Alterações legislativas relevantes com o “Programa Mais Habitação”
O Governo português apresentou uma série de propostas que visam introduzir alterações relevantes tendo em vista o aumento do número de imóveis disponíveis para habitação, com especial incidência nos mercados do alojamento local e do arrendamento, medidas essas com impactos fiscais que também serão aqui referidos.
De fora desta súmula ficam alterações legislativas introduzidas em áreas como o subarrendamento, medidas de apoio no pagamento de rendas, ação de despejo e o seu processo, apoios na construção de prédios para habitação, o conceito de prédios devolutos e o arrendamento coercivo.
Por fim, deve ser frisado que a presente análise tem por base o Projeto de Lei apresentado pelo Governo e já aprovado em Assembleia da República, faltando, para a sua entrada em vigor, a promulgação pelo Presidente da República.
- Alterações ao Regime Jurídico da Exploração dos Estabelecimentos de Alojamento Local:
O Regime Jurídico da Exploração dos Estabelecimentos de Alojamento Local é um dos principais diplomas visados com o “Programa Mais Habitação”, prevendo-se que passem a vigorar as seguintes medidas:
- Registo de AL em prédio em regime de propriedade horizontal cujo título constitutivo esteja destinado a habitação: prevendo o título constitutivo de uma fração autónoma que a mesma se destina a habitação, a exploração de um AL apenas será permitida se existir uma deliberação da assembleia de condóminos, com aprovação unânime, a autorizar essa exploração.
- Duração do registo de estabelecimento de AL: os registos de AL passarão a ter uma duração de 5 anos, renováveis por iguais períodos (contando-se a primeira renovação a partir da data de emissão do título de abertura ao público). As renovações carecem de deliberação expressa da câmara municipal competente.
Relativamente aos registos de AL já existentes no momento da entrada em vigor da lei, serão reapreciados durante o ano de 2030 e, a partir dessa data, seguem o regime previsto, carecendo da deliberação da câmara para se renovar por novos períodos de 5 anos.
- Intransmissibilidade do n.º de registo de AL: a proposta do Governo é que o número de registo do estabelecimento de AL, independentemente da sua modalidade, seja pessoal e intransmissível.

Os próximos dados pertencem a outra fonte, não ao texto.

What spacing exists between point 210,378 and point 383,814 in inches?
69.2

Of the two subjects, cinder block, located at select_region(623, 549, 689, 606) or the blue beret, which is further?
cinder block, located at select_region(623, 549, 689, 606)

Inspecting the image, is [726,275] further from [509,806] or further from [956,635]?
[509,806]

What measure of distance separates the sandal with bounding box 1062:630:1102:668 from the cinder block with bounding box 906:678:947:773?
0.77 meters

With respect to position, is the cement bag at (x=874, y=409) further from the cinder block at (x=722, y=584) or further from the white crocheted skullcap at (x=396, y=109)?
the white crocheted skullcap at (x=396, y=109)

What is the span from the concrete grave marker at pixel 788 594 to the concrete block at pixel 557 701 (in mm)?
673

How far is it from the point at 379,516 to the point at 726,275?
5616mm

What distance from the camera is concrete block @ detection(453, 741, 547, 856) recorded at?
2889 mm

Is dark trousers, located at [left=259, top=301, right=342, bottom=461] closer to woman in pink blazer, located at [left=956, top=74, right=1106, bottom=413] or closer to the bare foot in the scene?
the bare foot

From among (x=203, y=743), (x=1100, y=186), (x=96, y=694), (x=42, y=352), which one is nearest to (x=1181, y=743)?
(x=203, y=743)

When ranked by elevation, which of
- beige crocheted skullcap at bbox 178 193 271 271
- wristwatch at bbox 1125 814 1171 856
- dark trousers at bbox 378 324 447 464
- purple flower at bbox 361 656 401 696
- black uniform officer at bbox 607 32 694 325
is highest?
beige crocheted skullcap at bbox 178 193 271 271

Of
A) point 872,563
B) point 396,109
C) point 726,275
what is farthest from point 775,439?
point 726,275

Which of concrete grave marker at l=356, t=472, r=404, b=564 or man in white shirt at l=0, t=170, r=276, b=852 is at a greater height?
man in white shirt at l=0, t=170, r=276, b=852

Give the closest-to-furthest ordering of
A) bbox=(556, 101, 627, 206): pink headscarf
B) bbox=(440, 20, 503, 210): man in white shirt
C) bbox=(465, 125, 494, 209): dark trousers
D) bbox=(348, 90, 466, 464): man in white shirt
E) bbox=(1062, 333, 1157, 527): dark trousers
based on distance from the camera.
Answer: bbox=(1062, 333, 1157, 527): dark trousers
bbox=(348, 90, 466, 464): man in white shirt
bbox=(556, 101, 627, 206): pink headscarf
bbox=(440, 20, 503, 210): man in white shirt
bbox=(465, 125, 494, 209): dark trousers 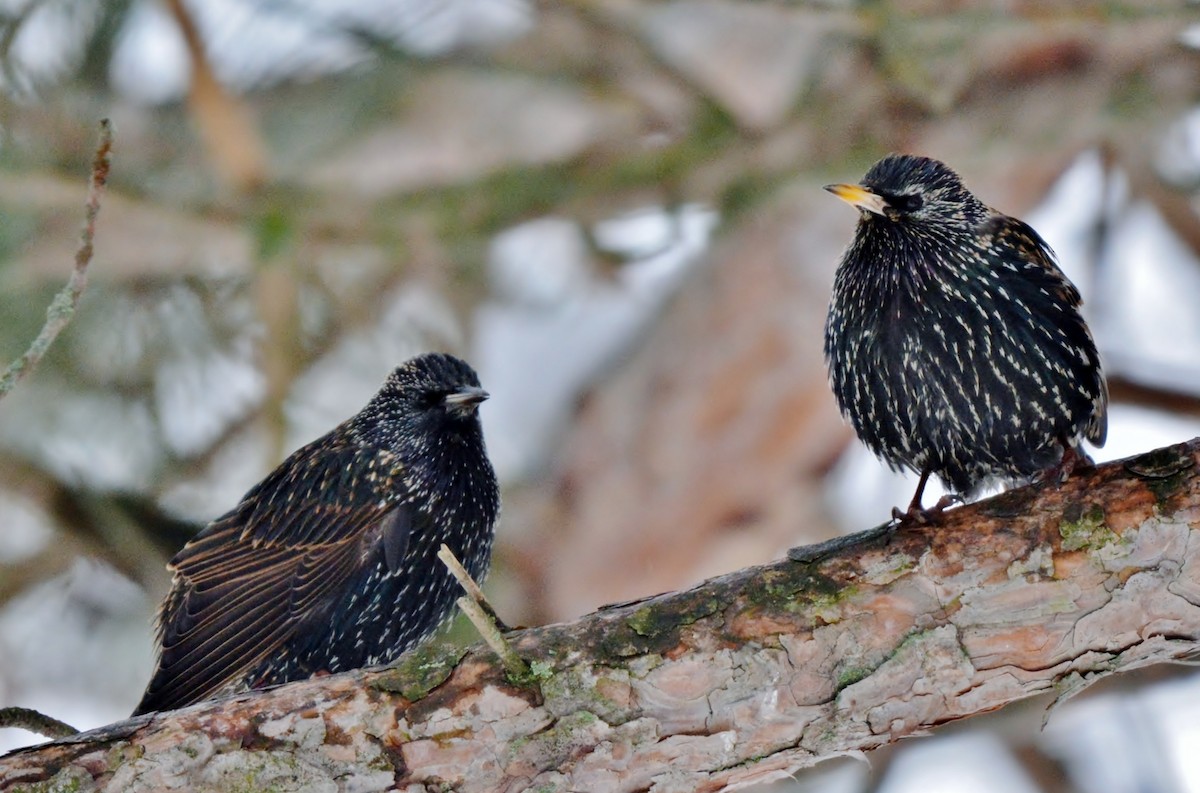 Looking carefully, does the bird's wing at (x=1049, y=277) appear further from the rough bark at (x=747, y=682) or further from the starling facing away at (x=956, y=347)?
the rough bark at (x=747, y=682)

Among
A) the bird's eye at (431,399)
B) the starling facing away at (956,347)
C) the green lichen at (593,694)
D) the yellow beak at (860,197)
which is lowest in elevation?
the green lichen at (593,694)

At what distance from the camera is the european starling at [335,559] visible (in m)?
4.64

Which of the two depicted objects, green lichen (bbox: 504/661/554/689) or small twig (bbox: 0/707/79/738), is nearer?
green lichen (bbox: 504/661/554/689)

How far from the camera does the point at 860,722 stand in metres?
3.49

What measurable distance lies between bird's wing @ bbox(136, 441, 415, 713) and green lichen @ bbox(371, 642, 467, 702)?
1141 mm

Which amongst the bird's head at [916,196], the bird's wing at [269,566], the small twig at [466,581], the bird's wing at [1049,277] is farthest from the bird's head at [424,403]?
the bird's wing at [1049,277]

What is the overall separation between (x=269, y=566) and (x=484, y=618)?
1.87 m

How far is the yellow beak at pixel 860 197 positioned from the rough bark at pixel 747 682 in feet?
3.99

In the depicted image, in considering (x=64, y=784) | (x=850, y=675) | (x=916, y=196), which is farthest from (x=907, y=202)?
(x=64, y=784)

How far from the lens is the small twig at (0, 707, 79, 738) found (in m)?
3.75

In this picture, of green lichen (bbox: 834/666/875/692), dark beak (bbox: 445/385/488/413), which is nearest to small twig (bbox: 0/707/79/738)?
dark beak (bbox: 445/385/488/413)

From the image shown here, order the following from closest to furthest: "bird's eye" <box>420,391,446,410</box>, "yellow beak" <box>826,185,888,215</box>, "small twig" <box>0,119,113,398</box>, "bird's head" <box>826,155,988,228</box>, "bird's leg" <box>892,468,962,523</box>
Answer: "small twig" <box>0,119,113,398</box> < "bird's leg" <box>892,468,962,523</box> < "yellow beak" <box>826,185,888,215</box> < "bird's head" <box>826,155,988,228</box> < "bird's eye" <box>420,391,446,410</box>

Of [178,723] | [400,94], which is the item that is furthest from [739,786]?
[400,94]

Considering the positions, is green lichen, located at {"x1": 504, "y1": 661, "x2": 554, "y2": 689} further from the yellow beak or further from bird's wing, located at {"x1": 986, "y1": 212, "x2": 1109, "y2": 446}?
bird's wing, located at {"x1": 986, "y1": 212, "x2": 1109, "y2": 446} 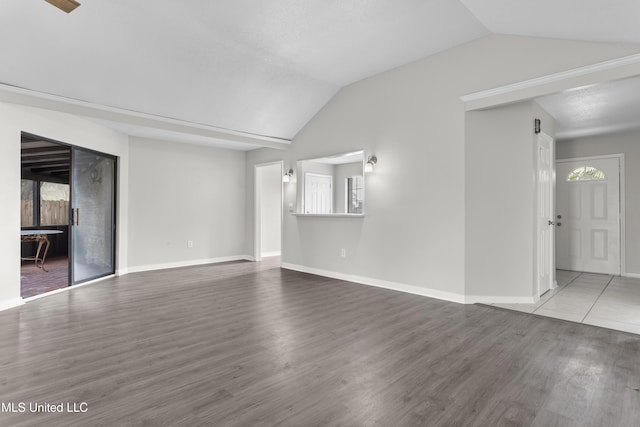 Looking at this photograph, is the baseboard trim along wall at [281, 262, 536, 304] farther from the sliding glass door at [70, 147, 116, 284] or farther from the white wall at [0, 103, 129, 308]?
the white wall at [0, 103, 129, 308]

Adicionalmente, a lei (ainda em vigor) prevê a caducidade do título de abertura ao público em caso de transmissão de mais de 50% do capital social de pessoa coletiva, porém, pretende-se agora que a caducidade ocorra com a transmissão de qualquer parte do capital social da pessoa coletiva titular do registo, independentemente da percentagem que é transmitida.
- Cancelamento do registo de AL: a assembleia de condóminos por deliberação de 2/3 poderá opor-se ao exercício da atividade de AL numa determinada fração, sem necessidade de fundamentar essa decisão.

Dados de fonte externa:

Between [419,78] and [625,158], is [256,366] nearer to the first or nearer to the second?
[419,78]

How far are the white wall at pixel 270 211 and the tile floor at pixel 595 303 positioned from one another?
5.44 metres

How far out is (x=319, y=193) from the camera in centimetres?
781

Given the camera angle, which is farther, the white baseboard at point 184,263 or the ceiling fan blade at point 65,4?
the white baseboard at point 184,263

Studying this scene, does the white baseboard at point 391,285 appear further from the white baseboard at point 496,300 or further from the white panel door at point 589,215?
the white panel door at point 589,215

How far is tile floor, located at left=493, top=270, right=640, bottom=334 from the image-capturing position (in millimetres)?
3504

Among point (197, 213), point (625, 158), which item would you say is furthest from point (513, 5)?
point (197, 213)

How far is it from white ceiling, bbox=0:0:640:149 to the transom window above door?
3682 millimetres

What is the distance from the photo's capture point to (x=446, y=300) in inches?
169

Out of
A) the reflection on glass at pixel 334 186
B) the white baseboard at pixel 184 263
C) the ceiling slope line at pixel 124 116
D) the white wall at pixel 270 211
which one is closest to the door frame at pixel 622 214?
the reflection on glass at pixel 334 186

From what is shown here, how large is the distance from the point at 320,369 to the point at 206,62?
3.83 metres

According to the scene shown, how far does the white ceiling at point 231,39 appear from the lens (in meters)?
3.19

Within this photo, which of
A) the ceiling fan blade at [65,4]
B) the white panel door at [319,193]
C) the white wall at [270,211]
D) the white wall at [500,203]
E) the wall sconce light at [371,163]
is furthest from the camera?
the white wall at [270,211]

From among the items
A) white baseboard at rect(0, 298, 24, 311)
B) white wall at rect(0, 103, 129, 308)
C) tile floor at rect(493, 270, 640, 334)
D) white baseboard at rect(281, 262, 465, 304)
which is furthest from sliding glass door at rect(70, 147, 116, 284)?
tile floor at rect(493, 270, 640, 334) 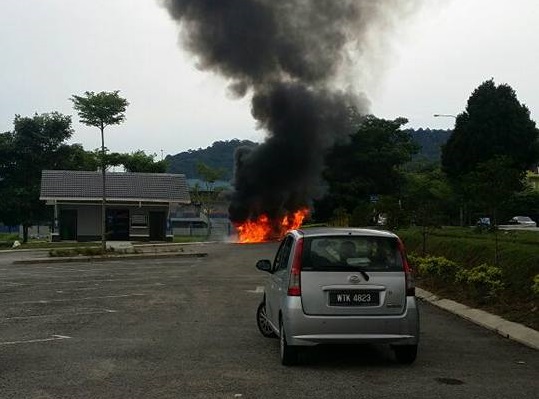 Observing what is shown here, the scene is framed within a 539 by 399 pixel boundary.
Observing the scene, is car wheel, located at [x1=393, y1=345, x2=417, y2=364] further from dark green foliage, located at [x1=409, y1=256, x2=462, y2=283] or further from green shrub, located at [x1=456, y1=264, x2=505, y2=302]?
dark green foliage, located at [x1=409, y1=256, x2=462, y2=283]

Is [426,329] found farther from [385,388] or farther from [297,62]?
[297,62]

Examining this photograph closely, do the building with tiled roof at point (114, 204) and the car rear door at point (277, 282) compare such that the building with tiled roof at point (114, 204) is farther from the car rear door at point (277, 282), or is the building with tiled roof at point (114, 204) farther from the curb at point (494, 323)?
the car rear door at point (277, 282)

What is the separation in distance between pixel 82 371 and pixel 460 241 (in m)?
11.4

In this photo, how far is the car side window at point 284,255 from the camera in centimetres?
777

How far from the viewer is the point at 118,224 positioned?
137ft

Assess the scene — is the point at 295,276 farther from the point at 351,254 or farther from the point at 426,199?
the point at 426,199

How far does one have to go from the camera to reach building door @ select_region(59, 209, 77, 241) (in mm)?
40812

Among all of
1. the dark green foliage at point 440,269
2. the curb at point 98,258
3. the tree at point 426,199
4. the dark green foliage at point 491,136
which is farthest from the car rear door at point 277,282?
the dark green foliage at point 491,136

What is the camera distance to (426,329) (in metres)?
9.82

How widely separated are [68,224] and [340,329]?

Assim não será se o título constitutivo dessa fração expressamente previr a sua utilização para fins de AL, ou tiver havido deliberação expressa da assembleia de condóminos a autorizar a utilização da fração para aquele fim. Havendo deliberação de oposição por parte da assembleia, o imóvel visado só pode voltar a ser explorado como AL com decisão em contrário.
- Suspensão de novos registos de AL: ficam suspensas as emissões de novos registos de AL nas modalidades de “apartamento” e “estabelecimentos de hospedagem” integrados numa fração autónoma de edifício em todo o território nacional, com exceção dos territórios do interior e regiões autónomas, tendo em consideração, igualmente, a definição feita pelos Municípios.
- Caducidade de registos inativos: 2 meses após a Lei entrar em vigor, os titulares do registo de AL serão obrigados a efetuar prova, mediante apresentação de declaração contributiva, da manutenção da atividade de exploração, comunicando efetividade do exercício na plataforma RNAL – o incumprimento implicará o cancelamento dos registos ativos.
- Contribuição extraordinária sobre os apartamentos em AL (“CEAL”): foi ainda decidida a criação de uma CEAL sobre os apartamentos e estabelecimentos de hospedagem integrados numa fração autónoma de edifício.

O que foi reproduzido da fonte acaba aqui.